Linear Regression and Problem Framing

• Linear regression is the simplest and most commonly taught supervised learning algorithm for regression problems, where the goal is to predict a continuous number from input features.
• The episode example focuses on predicting the cost of houses in Portland, using square footage and possibly other features as inputs.

The Three Steps of Machine Learning in Linear Regression

• Machine learning in the context of linear regression follows a standard three-step loop: make a prediction, measure how far off the prediction is, and update the prediction method to reduce mistakes.
• Predicting uses a hypothesis function (also called objective or estimate) that maps input features to a predicted value.

The Hypothesis Function

• The hypothesis function is a formula that multiplies input features by coefficients (weights) and sums them to make a prediction; in mathematical terms, for one feature, it is: h(x) = theta_1 * x_1 + theta_0
  • Here, theta_1 is the weight for the feature (e.g., square footage), and theta_0 is the bias (an average baseline).
• With only one feature, the model tries to fit a straight line to a scatterplot of the input feature versus the actual target value.

Bias and Multiple Features

• The bias term acts as the starting value when all features are zero, representing an average baseline cost.
• In practice, using only one feature limits accuracy; including more features (like number of bedrooms, bathrooms, location) results in multivariate linear regression: h(x) = theta_0 + theta_1 * x_1 + theta_2 * x_2 + ... for each feature x_n.

Visualization and Model Fitting

• Visualizing the problem involves plotting data points in a scatterplot: feature values on the x-axis, actual prices on the y-axis.
• The goal is to find the line (in the univariate case) that best fits the data, ideally passing through the "center" of the data cloud.

The Cost Function (Mean Squared Error)

• The cost function, or mean squared error (MSE), measures model performance by averaging squared differences between predictions and actual labels across all training examples.
• Squaring ensures positive and negative errors do not cancel each other, and dividing by twice the number of examples (2m) simplifies the calculus in the next step.

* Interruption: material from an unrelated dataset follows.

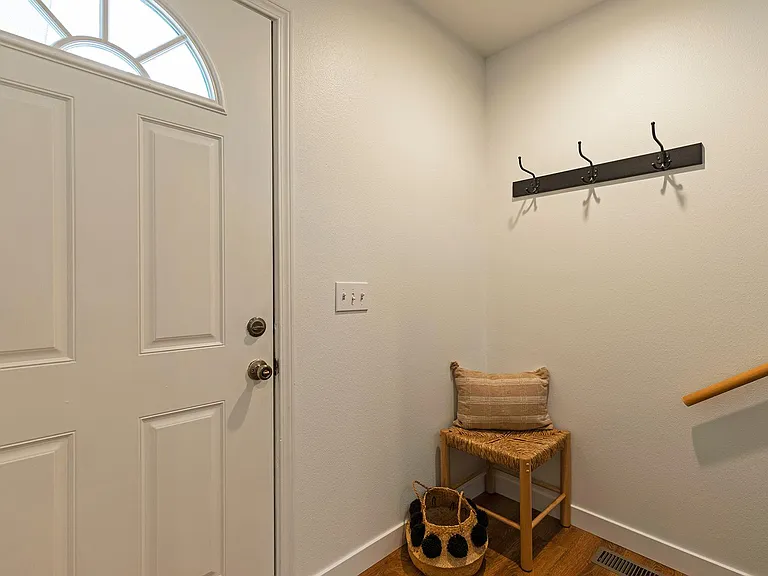 909 Defoe St #B — Photo 12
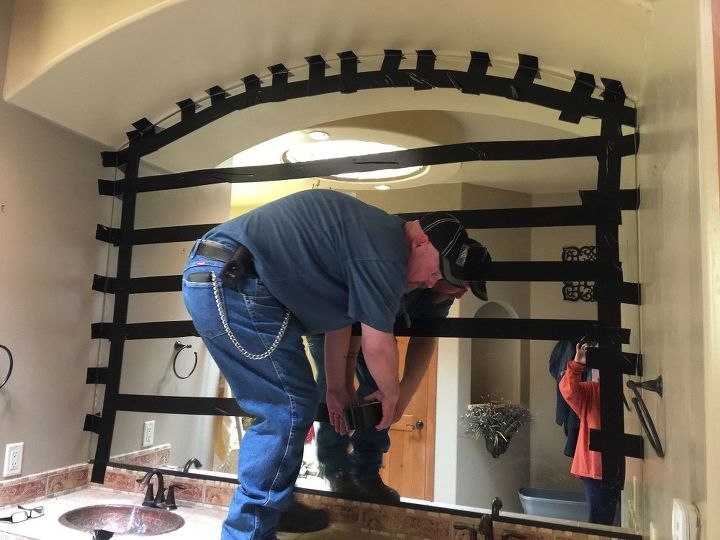 remova um espelho de parede do construtor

Parameter Learning via Gradient Descent

• Gradient descent is an iterative algorithm that uses calculus (specifically derivatives) to find the best values for the coefficients (thetas) by minimizing the cost function.
• The cost function’s surface can be imagined as a bowl in three dimensions, where each point represents a set of parameter values and the height represents the error.
• The algorithm computes the slope at the current set of parameters and takes a proportional step (controlled by the learning rate alpha) toward the direction of the steepest decrease.
• This process is repeated until reaching the lowest point in the bowl, where error is minimized and the model best fits the data.
• Training will not produce a perfect zero error in practice, but it will yield the lowest achievable average error for the data given.

Extension to Multiple Variables

• Multivariate linear regression extends all concepts above to datasets with multiple input features, with the same process for making predictions, measuring error, and performing gradient descent.
• Technical details are essentially the same though visualization becomes complex as the number of features grows.

Essential Learning Resources

• The episode strongly directs listeners to the Andrew Ng course on Coursera as the primary recommended starting point for studying machine learning and gaining practical experience with linear regression and related concepts.